This is one in a series of profileson the 2012 Samuel J. Heyman Service to America Medal finalists. The awards, presented by the nonprofit Partnership for Public Service, recognize outstanding federal employees whose important, behind-the-scenes work is advancing the health, safety and well-being of Americans and are among the most prestigious honors given to civil servants. This profile features a finalist for the Justice and Law Enforcement medal Kelly Maltagliati, special agent-in-charge for the National Archives and Records Administration’s Archival Recovery Team in the Office of Inspector General.
Thousands of historical documents have disappeared over the years from the National Archives-the patent for the Wright Brothers’ airplane, target maps of Hiroshima and Nagasaki, Civil War telegrams written by Abraham Lincoln, a copy of FDR’s “Day of Infamy” speech and NASA photographs from space.
Leading the team of investigators seeking to recover America’s stolen historical treasures is Kelly Maltagliati, a special agent with the Office of Inspector General at the National Archives and Records Administration (NARA).
Maltagliati was instrumental in establishing NARA’s investigatory Archival Recovery Team eight years ago, and every year since has made a huge impact by locating countless missing historical records and helping secure criminal convictions against transgressors.
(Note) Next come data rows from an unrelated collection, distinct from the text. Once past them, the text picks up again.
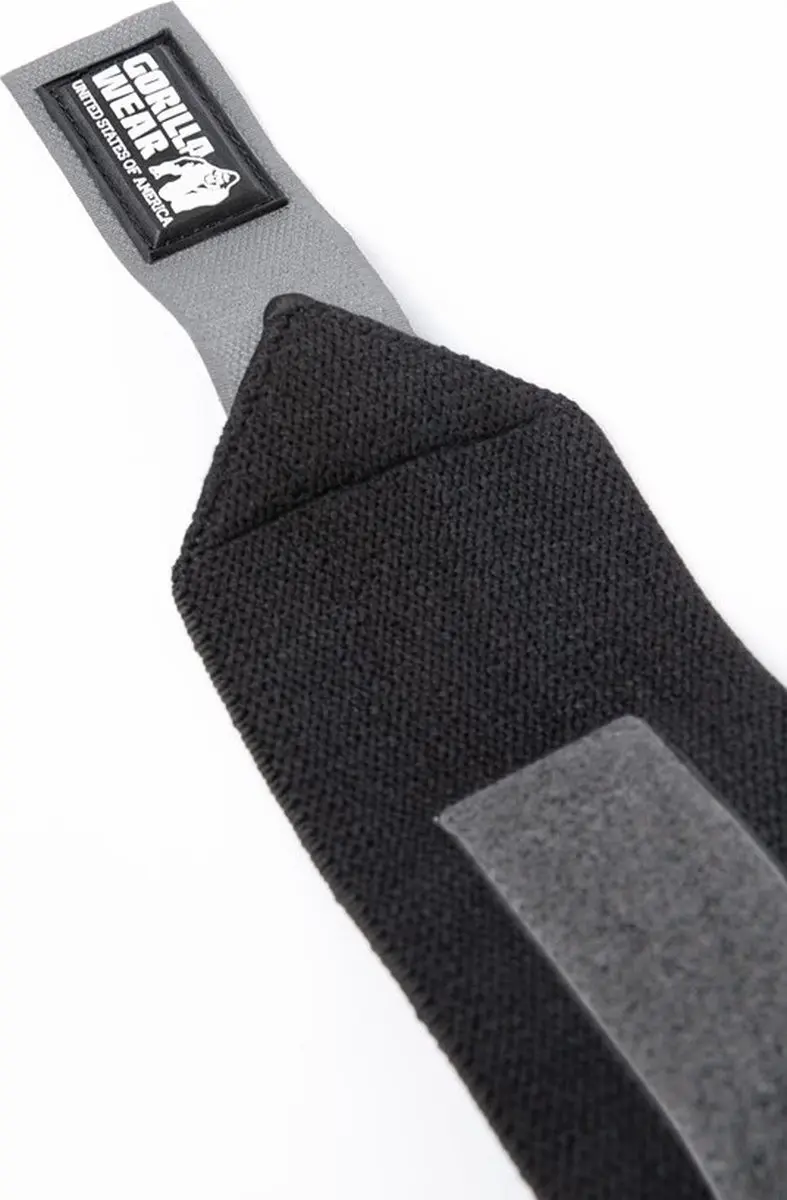 Gorilla Wear Essential Wrist Wraps - Polswraps 2 Stuks - Zwart/Grijs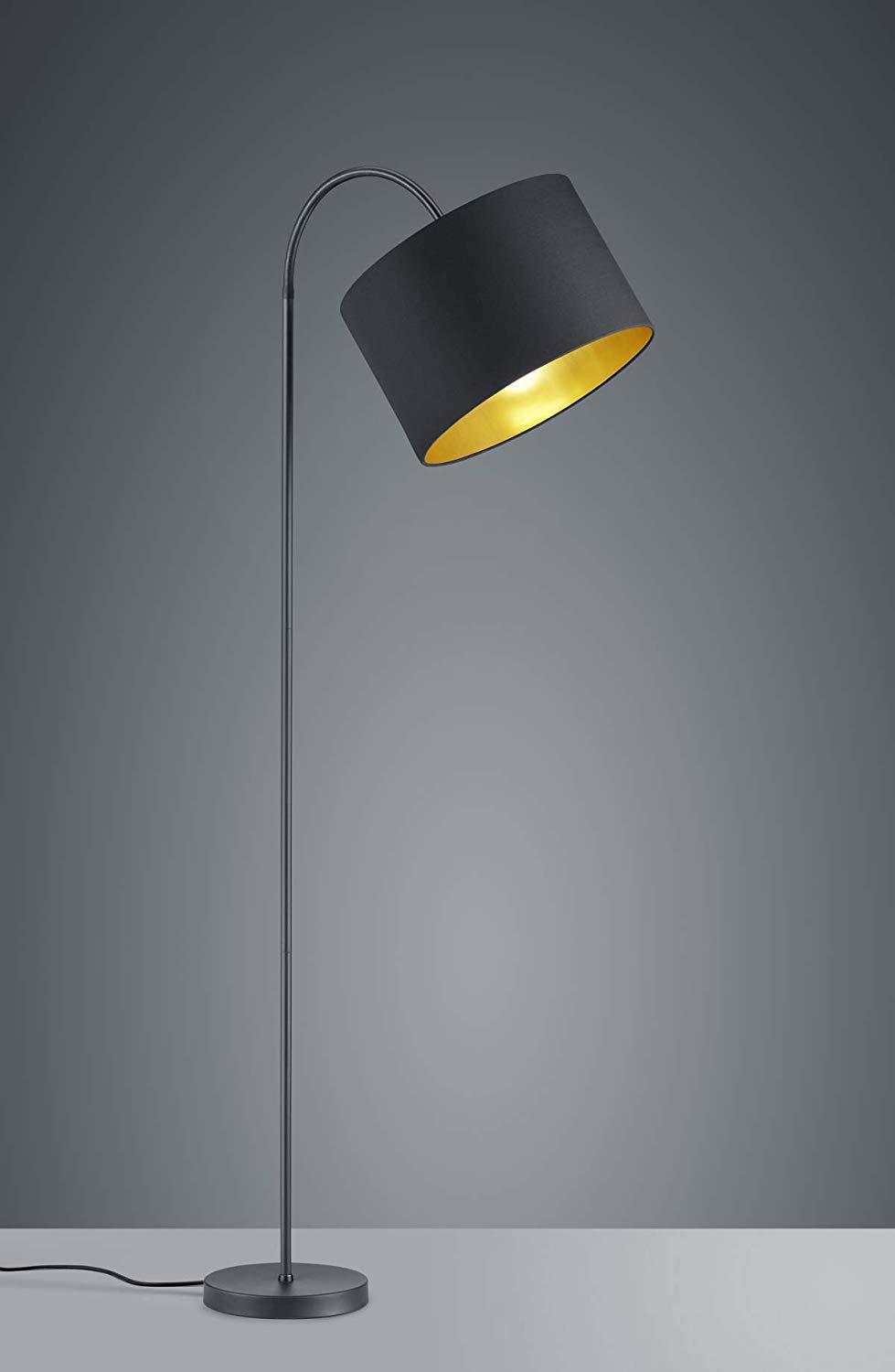Stehleuchte Hostel Schwarz max. 60 Watt - Goldfarben/Schwarz, Design, Textil/Metall (35/156cm) - Trio Leuchten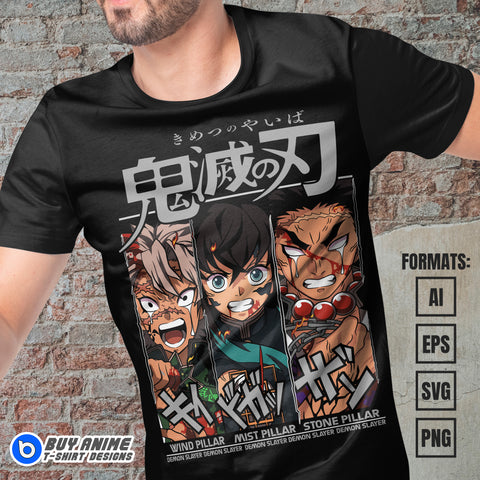 Premium Demon Slayer Anime Vector T-shirt Design Template #15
In addition, she has enhanced security measures at the National Archives, its presidential libraries and regional centers nationwide.
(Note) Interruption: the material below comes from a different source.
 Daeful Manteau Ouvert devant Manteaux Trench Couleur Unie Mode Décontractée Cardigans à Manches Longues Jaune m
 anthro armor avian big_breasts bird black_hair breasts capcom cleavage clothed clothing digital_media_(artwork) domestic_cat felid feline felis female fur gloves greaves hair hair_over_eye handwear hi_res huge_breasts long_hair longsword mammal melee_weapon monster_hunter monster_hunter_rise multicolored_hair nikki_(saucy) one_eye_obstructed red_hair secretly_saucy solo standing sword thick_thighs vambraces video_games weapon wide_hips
“Kelly has been the champion of the program,” said Ross Weiland, a former deputy inspector general who worked with Maltagliati. “She recognized the need. Her investigative style is just to outwork, outlast and out-hustle everyone else, and that is what she has done with this program.”
As head of the recovery program, Maltagliati has set up sting operations, engaged in old-fashioned police work, monitored web sites and online auctions like eBay, visited memorabilia and Civil War shows, used social media to reach the public, established a hotline and built a network of “sentinels” throughout the nation to be on the look-out for stolen documents.
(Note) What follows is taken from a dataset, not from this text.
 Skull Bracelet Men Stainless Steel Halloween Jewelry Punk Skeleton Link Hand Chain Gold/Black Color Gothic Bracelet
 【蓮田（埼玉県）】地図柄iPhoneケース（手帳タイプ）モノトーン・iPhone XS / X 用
There have been a number of notable successes.
Earlier this year, a well-known presidential memorabilia collector pleaded guilty to stealing thousands of original documents from major archival repositories, including the National Archives and the Franklin Roosevelt Presidential Library in Hyde Park, N.Y. The theft included seven copies of President Roosevelt’s speeches that contained edits, handwritten additions and his signature.
Maltagliati and her team worked with the FBI, helped prepare the search warrants, and identified and recovered the material stolen from the presidential library.
In another case, a contact alerted Maltagliati regarding the sale of numerous historical recordings on eBay, a tip that led to the arrest and 2011 guilty plea by a former longtime National Archives employee who admitted stealing a thousand audio recordings ranging from radio episodes of Dragnet and Gunsmoke to a 1937 radio interview with Babe Ruth.
Following an investigation by her office, a long-time researcher confessed last year to altering a presidential pardon signed by Lincoln that is part of the permanent records at the National Archives. In addition, Matagliati’s office recently recovered important Watergate documents, including sealed grand jury testimony that had been inadvertently donated by former special prosecutor Leon Jaworski to a university library.
Maltagliati also was involved in the recovery of an 1863 letter from Lincoln to Secretary of the Treasury Salmon P. Chase regarding a corruption case involving the director of the San Francisco Mint; a letter from former President Harry S. Truman to his wife, Bess, dated Dec. 5, 1941; passport photographs of John Wayne, Pearl Bailey, Diana Ross and Joan Crawford; and an 1861 letter from L.A. Armistead tendering his resignation from the Army to join the Confederacy and fight against his friends.
David Ferriero, the archivist of the United States, said Maltagliati brings “passion to her work” and helps “ensure that the documents we are responsible for are around forever.”
“It’s not just about protecting pieces of paper, it’s about protecting our history,” Ferriero said.
Debra Wall, the deputy archivist, said Maltagliati understands the importance of the documents, has developed great respect from the staff of the National Archives, and has taken a proactive approach by making contacts outside the institution among researchers, collectors and dealers who work with historical documents every day.
“She is getting the American people their history back. These are priceless, one-of a-kind documents,” said Wall. “We really believe the archives are essential to a democracy, and we take our mission seriously. Kelly has taken it a step further by going out and finding these missing documents.”
Maltagliati said she has been involved in cases where just one document or as many as 3,000 were recovered.
When she first arrived on the scene, Maltagliati said, officials at the National Archives “didn’t want to talk about stolen material because they were embarrassed.” In addition, those who collect and sell historical documents and other materials were suspicious and not always helpful.
She said her office has helped change the culture at the Archives, while establishing relationships with many of those who trade in historical materials and now realize that collaboration can help them avoid trouble.
Maltagliati said she wants to be a “good public steward,” and finds it “fulfilling” to recover stolen documents and ensure continued public access to these records.
“I can remember the first time I held a pardon in my hand signed by Abraham Lincoln. I was in the treasure vault, and I just felt chills,” she said.